What IFS does
IFS checks multiple conditions in order and returns the value for the first condition that is TRUE. It replaces nested IF formulas and makes multi-branch logic easier to read.
If no condition is TRUE, IFS returns a #N/A error. To avoid this, add TRUE as the last condition with a default value.
Practical examples
Assign a size label based on a value
=IFS(A2<10,"XS",A2<20,"S",A2<30,"M",A2<40,"L",TRUE,"XL")
Each condition is tested in order. The first match wins. The final TRUE acts as a catch-all default.
Grade a score
=IFS(B2>=90,"A",B2>=80,"B",B2>=70,"C",B2>=60,"D",TRUE,"F")

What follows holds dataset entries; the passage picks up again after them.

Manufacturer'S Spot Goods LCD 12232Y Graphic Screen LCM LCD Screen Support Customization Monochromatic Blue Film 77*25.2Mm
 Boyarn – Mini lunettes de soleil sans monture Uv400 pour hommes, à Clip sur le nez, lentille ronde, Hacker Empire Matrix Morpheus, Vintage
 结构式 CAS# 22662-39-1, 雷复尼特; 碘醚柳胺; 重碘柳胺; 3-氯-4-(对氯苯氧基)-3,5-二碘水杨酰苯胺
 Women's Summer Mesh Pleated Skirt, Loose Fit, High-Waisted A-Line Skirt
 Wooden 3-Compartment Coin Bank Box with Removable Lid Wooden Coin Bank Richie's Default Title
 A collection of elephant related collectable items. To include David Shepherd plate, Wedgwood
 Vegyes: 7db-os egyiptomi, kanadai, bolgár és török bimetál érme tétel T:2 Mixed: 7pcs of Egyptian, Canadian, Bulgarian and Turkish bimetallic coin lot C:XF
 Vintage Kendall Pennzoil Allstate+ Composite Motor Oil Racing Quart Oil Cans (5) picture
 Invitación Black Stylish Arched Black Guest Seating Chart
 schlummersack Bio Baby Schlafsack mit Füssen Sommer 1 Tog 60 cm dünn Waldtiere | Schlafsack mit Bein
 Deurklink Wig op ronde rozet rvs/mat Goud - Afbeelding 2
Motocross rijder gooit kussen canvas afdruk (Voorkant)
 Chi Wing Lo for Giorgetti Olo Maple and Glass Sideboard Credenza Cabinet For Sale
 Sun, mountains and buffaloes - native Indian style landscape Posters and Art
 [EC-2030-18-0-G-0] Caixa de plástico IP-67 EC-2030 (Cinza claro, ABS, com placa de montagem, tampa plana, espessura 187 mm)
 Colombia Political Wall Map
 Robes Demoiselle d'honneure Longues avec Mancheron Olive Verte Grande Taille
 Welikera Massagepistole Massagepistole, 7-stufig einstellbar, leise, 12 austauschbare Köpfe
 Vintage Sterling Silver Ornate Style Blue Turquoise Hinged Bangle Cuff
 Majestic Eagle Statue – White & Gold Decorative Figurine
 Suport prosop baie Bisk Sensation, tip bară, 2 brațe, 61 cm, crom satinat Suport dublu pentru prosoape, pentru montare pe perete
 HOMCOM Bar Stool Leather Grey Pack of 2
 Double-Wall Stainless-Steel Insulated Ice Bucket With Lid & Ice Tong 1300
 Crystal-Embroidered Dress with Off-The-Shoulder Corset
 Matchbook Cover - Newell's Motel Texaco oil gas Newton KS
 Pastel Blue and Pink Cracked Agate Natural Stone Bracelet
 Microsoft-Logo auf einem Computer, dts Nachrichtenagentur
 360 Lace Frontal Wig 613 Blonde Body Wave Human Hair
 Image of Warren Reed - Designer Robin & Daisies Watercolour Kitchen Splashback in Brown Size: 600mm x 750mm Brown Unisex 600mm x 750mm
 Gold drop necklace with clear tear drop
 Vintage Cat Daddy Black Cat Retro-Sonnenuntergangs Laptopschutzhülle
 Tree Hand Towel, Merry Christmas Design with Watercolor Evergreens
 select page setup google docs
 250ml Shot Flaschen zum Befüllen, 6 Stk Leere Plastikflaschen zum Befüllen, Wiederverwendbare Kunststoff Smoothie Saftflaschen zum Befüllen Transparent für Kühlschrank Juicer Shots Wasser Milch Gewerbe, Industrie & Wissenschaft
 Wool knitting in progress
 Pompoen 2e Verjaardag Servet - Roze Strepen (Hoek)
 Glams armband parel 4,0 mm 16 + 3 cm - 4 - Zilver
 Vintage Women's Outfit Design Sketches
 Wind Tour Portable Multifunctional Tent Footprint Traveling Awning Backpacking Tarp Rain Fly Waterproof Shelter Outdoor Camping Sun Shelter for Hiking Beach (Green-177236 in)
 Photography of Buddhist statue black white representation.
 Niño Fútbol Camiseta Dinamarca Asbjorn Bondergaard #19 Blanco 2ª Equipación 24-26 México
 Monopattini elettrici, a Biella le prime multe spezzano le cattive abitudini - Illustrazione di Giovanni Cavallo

This is cleaner than five levels of nested IF and easier to extend when new grade thresholds are added.
Common mistakes and notes
Missing default condition
Without a TRUE catch-all at the end, rows that match no condition will return #N/A. Always include a default unless you specifically want an error for unmatched cases.
Condition order matters
IFS returns the value for the first TRUE condition. If you put A2<40 before A2<10, everything under 40 matches the first test and the smaller thresholds never run.
Availability
IFS is available in Excel 365, Excel 2021, and Excel 2019. It is not available in Excel 2016 or earlier.